Losing body fat isn’t easy. Our bodies and minds are complex making weight loss more than just a ‘calories in and calories out’ equation. So if you’ve maintained a calorie deficit and not seeing the results translate on the scale, you may need to take a look at your approach. 

When your low-calorie diet is translating on the scales

To start weight loss, you need to reduce your calories by about 500 per day. You may easily be able to achieve this by reducing your intake of refined carbs, cutting out soft drinks or watching your portion sizes. Combined with regular physical activity, a calorie deficit diet can result in fat loss. However, there are many factors in play that could be preventing weight loss. 

Here are a few reasons why you might not be losing weight after cutting down your calorie intake. 

1. You’re not eating¬†enough calories

Yes, you read right. You may not be losing weight because you’re not eating enough. Your body requires a certain number of calories to perform. Eating too little impairs the body’s ability to function optimally. 

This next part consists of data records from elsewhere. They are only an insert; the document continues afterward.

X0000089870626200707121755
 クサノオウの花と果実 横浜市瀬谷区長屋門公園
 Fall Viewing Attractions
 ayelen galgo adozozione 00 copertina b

Severely restricting your calorie intake can encourage fat loss in the short term but long-term it can results in muscle loss, slows your metabolic rate and lowers your body’s set point. Your body then adapts to this set point, requiring you to restrict your calories further to gain results otherwise you may find yourself in a weight loss plateau. This is one reason why most people experience weight gain after dieting.

2. Your diet is lacking nutrients

Adopting a low-calorie diet can result in a reduced intake of vital nutrients your body needs to function. They may not be directly hindering your weight loss, but it can lead to deficiencies. Some of the most common nutrient deficiencies caused by calorie-restrictive diets include protein, B vitamins, calcium and magnesium.

If sustained for too long, this can disrupt your body’s ability to digest food optimally, impair the detoxification pathways or cause a disruption in hormones – all of which can impair weight loss.

A diet can be both nutrient-poor and low-calorie. Ensuring your diet is balanced and nutrient-rich is going to help not only support your weight loss goals but also your overall health and wellbeing. 

3. You’re stressed out

For some people, when they’re stressed, they lose weight quickly. For other’s the ‘fight or flight’ response and the increase in cortisol encourages their body to hold onto fat as a means of survival. After all, in a stressed-out state, your body doesn’t know when it is going to eat again. 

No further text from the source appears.